The Huron River, and Pettibone Creek flowing into it, provided waterpower for the 14 mills built in the area in the 19th and 20th centuries. Luman Fuller built the first gristmill on the Huron in 1834, where Peters’ bridge is now. This later became the Peters Mill. There were also a woolen mill, a cooperage and a tannery in that complex. The first street connected the Ruggles saw mill and the Fuller grist mill and is now called Huron Street.

Jabesh Mead platted part of South Milford, called Mead’s Addition, in 1836. The same year he and his brother-in-law, Ansley Arms, built the first store, Mead & Arms, just west of the Public Square, where Dr.

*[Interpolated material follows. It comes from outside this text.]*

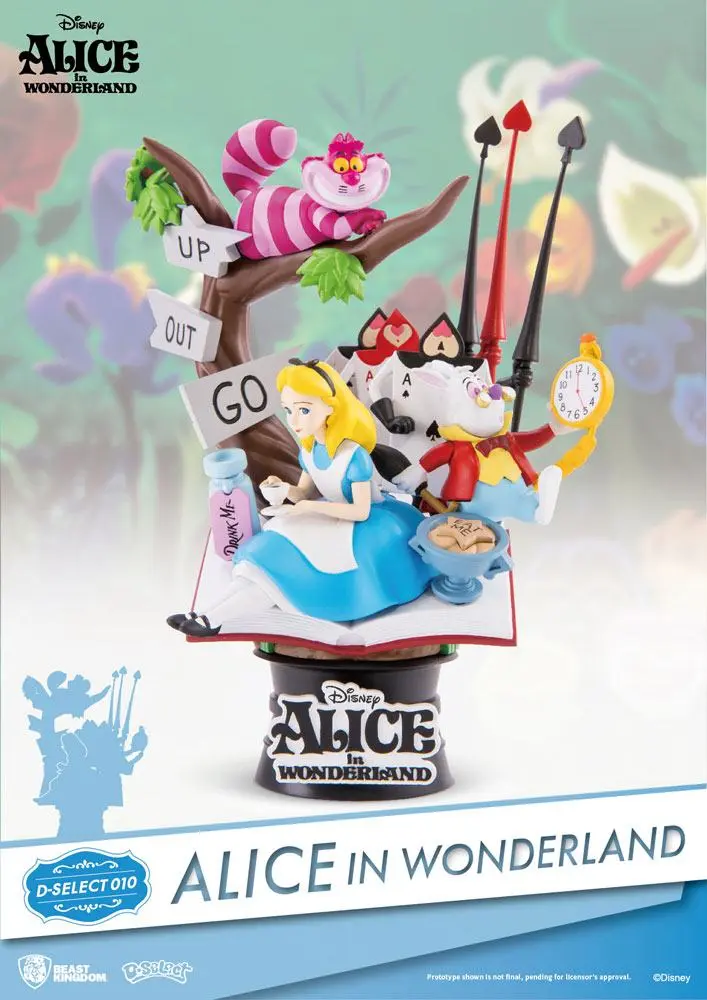 Alice in Wonderland D-Select PVC Diorama 15 cm termékfotó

Ridings’ dentist office now stands. This first store was moved three times and ended up on the Huron River (where it may still be seen). The business moved north of the river, occupying several different buildings, and is still in business. Arms also had built, in 1836, the first frame house in Milford Village. It still stands, southwest of the fire station.

Settlement north of the river began shortly after that of South Milford. In 1836 Aaron Phelps built a dam on Pettibone Creek and created the Lower Mill Pond, building a sawmill and distillery at its foot. The Upper Mill Pond was developed in 1845, and had at least five different mills on it.
Milford was established as a township in 1835, and then, on April 12, 1869, Milford Village was incorporated. The main concerns of the first Village Council were streets and sidewalks and the formation of a fire department

The local weekly newspaper, The Milford Times, was founded in 1871 by Isaac Jackson. It continues to this day and is the oldest contin-uously published newspaper in Oakland County.
The coming of the Flint & Pere Marquette Railroad in 1871 spurred growth and vitality by supplying a route for the marketing of farm produce. Hotels, stores, saloons, and homes were needed for the expanding community and much building took place in the 1870's and 1880's. Fire protection became a concern and the last quarter of the Nineteenth Century saw the beginning of a fire department and, in 1895, a community water works.

The presence of the waterpower allowed Milford to become one of the earliest communities in Michigan to have a system of electric lights, in 1892. A dynamo was placed in the old Fuller-Peters gristmill and electricity was generated. In 1911 a new dam was built further down the river, creating what is now known as Hubbell Pond, and the old mill was demolished. Electricity was then used for more than just lighting. Tele-phones had already appeared in 1883.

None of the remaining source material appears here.